Samuel "Lee" Swain, Sergeant First Class
Imagine sitting a Bell UH-1 Iroquois "Huey" military helicopter in the middle of an assault mission in the Vietnam War. But instead of shooting bullets, your job is to shoot photographs. That was Samuel “Lee” Swain’s job when he served as a US Army photographer.
From 1968 to 1970, Swain served in the Department of the Army Special Photographic Office (DASPO), which was activated by President John F. Kennedy in 1962 to gather visual documentation of military operations for the US government. Originally, Swain enlisted in the US Air Force, where he was trained as a photographer, in 1951. He served in the Korean War but left the Air Force after four years of duty. He attempted to go to college but dropped out because he was “sitting in class watching the birds. I needed to get outside,” he recalled.
In 1958, Swain went back to military service and enlisted in the Army. Swain trained in motion pictures at Fort Monmouth, New Jersey, after which, he reported to DASPO at Fort Shafter in Honolulu, Hawaii, where he covered visits of President Lyndon B. Johnson four times. During this time, Swain married his wife, Ann, in 1965 and had two children.
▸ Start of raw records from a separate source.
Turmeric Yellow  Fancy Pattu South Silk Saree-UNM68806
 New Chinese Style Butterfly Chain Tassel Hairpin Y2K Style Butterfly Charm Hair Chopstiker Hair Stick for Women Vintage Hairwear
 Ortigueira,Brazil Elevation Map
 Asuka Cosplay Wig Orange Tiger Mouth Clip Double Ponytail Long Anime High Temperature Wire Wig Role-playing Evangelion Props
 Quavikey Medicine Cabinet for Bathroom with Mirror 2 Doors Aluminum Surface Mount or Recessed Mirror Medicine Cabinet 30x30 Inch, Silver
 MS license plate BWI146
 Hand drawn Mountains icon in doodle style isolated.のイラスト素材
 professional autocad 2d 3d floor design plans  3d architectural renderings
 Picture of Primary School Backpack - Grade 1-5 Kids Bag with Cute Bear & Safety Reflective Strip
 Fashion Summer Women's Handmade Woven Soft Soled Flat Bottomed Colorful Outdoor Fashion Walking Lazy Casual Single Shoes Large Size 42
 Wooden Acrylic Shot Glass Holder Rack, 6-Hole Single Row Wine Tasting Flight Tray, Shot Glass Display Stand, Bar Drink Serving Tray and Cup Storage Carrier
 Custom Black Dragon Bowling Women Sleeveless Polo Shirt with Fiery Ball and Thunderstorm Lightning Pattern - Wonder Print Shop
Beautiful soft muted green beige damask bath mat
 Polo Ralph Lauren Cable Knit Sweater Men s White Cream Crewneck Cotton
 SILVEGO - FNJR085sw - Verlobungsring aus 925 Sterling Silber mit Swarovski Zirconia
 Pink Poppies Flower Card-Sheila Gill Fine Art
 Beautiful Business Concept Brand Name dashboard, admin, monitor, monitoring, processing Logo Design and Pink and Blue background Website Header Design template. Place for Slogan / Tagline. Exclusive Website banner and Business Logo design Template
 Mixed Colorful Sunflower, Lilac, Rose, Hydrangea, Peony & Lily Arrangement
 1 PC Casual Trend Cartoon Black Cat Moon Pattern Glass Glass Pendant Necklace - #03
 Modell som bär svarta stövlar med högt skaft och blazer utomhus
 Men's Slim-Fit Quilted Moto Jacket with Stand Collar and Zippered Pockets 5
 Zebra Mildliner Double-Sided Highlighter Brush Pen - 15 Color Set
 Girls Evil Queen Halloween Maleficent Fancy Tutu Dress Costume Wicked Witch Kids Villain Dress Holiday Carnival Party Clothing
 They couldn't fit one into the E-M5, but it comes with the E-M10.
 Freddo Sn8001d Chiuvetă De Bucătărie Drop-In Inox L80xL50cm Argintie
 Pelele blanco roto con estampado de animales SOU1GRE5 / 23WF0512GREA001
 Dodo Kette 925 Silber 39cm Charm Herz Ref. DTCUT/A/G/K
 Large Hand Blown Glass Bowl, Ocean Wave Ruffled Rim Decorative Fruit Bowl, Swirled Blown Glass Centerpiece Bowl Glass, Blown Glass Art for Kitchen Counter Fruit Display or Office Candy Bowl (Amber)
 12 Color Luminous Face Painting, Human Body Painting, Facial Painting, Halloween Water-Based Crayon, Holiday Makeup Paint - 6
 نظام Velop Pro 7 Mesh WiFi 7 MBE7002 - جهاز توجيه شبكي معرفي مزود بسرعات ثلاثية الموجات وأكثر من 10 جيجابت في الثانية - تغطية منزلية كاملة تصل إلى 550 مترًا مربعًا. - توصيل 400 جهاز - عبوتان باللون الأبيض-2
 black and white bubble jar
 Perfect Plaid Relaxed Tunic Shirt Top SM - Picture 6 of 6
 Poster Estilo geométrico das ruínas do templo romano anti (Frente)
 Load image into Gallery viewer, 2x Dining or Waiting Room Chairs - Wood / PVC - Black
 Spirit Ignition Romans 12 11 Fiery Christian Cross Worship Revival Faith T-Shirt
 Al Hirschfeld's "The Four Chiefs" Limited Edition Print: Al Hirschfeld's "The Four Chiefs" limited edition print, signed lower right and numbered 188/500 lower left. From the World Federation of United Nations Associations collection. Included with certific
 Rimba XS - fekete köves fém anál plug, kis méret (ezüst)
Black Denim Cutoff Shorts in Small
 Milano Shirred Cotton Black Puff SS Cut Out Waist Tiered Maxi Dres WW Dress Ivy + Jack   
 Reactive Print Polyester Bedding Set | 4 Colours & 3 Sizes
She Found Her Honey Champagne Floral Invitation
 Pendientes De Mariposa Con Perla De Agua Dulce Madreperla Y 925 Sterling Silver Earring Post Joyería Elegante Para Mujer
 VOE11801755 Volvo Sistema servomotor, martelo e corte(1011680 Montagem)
After Fort Shafter, Swain was sent on assignments in various locations, including the making of motion pictures for the Republic of Vietnam National Police, the Thai Army, the Korean Army, and the 173rd Airborne Brigade. He also went on several helicopter operations and assault missions in Vietnam. But Swain’s most significant assignment was gathering footage of the Tet Offensive, where he shot film at three different embassies.
Swain looked back fondly on his time as a photographer for the Army and Air Force and hoped people appreciate the sacrifices he and other DASPO servicemen made in order to capture images of these important events.
After retiring from the military in 1981, Swain continued to do contract work for the government and served as a chaplain and commander of the Veterans of Foreign Wars Post 76. Flashes of his work can be viewed in “Faces of War: Documenting the Vietnam War from the Front Lines,” a collection of photographs and motion pictures by DASPO that provide a unique perspective of the second longest American war. Swain passed away on September 30th, 2017.